Taiwan Semiconductor Manufacturing Company Limited (TSM - Free Report) has had a solid 2025, with a current share price of around $228. Its robust performance has been closely tied to the booming demand for artificial intelligence (AI) and the broader recovery in semiconductor stocks. TSM is part of the Zacks Semiconductor – Circuit Foundry industry, which is in the top 2% of all Zacks sub-industries.

In late January, when DeepSeek introduced its R1 AI model, markets reacted sharply. TSM's shares plunged as much as 13% on the first trading day back from Lunar New Year, marking the steepest drop in nearly six months. Yet, while the DeepSeek shock triggered short-term volatility, TSM stood firm with its structural resilience. DeepSeek’s model used medium-range H800 chips, which are restricted under U.S. export rules, but TSM remains the dominant producer for cutting-edge 5nm and 3nm nodes powering AI applications.

The AI-driven surge is powerfully reshaping TSM’s narrative. As the world’s dominant chip manufacturer that controls roughly two-thirds of the global third-party market, TSM manufactures chips for AI giants like Nvidia, AMD and Broadcom. Its advanced nodes make it the go-to company for AI accelerators used in data centers, smartphones, PCs etc.

TSM reported first-quarter 2025 earnings of $2.12/share on April 17, beating the Zacks Consensus Estimate of $2.03. This signifies an earnings surprise of 4.4%. The company also reported revenues of $25.5 billion, beating the Zacks Consensus Estimate of $25.3 billion.

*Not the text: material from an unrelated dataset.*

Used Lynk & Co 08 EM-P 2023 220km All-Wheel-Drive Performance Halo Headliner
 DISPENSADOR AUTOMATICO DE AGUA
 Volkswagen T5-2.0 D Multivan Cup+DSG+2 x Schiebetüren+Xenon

TSM isn’t just riding a cyclical semiconductor upswing, it is at the heart of structural transformation in computing. Its AI-chip business is expected to double in 2025, with annual AI-specific revenues projected at around $20 billion. Meanwhile, its CoWoS packaging margins exceed 60%, driven largely by AI and high-performance computing. Such strength helped lift net profit 54-57% year-over-year in late 2024.

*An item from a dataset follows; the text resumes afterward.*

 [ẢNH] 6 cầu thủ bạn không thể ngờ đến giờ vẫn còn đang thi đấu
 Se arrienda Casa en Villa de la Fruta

However, there are serious headwinds, primarily arising from geopolitical friction. The U.S.-China tension continues to linger. TSM has set aside about $18 billion for hedging against Taiwan-dollar volatility, as shifts in the USD/NTD rate can impact its margins. Cybersecurity threats and supply-chain nationalization efforts also introduce risk, even as TSM expands fabs in the United States, Japan and Germany.

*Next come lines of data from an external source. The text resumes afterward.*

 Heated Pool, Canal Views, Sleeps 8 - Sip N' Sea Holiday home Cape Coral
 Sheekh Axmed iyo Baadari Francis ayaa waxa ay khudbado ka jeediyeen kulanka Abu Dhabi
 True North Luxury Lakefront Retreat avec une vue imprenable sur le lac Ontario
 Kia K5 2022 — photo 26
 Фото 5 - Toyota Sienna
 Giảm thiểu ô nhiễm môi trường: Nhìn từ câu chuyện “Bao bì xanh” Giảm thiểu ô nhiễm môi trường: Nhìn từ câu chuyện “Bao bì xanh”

TSM currently carries a Zacks Rank #2 (Buy). Year to date, TSM has grown 15.8% compared with a 13.4% advance for its Zacks Peer Group. United Microelectronics Corporation (UMC - Free Report) and GLOBALFOUNDRIES Inc. (GFS - Free Report) are noteworthy competitors in the same space. While UMC currently also carries a #2, GFS has a #3 (Hold). You can see the complete list of today’s Zacks #1 Rank (Strong Buy) stocks here.

Bottom Line

In short, TSM in 2025 is a powerhouse riding the global AI wave. Its growth isn’t just cyclical, it’s strategic. Even as investors monitor geopolitical and currency risks, most see the company as the backbone of the AI infrastructure, with a long runway ahead. Its role in supplying chips for everything from generative AI to AI-powered smartphones cements its central position in the coming decade.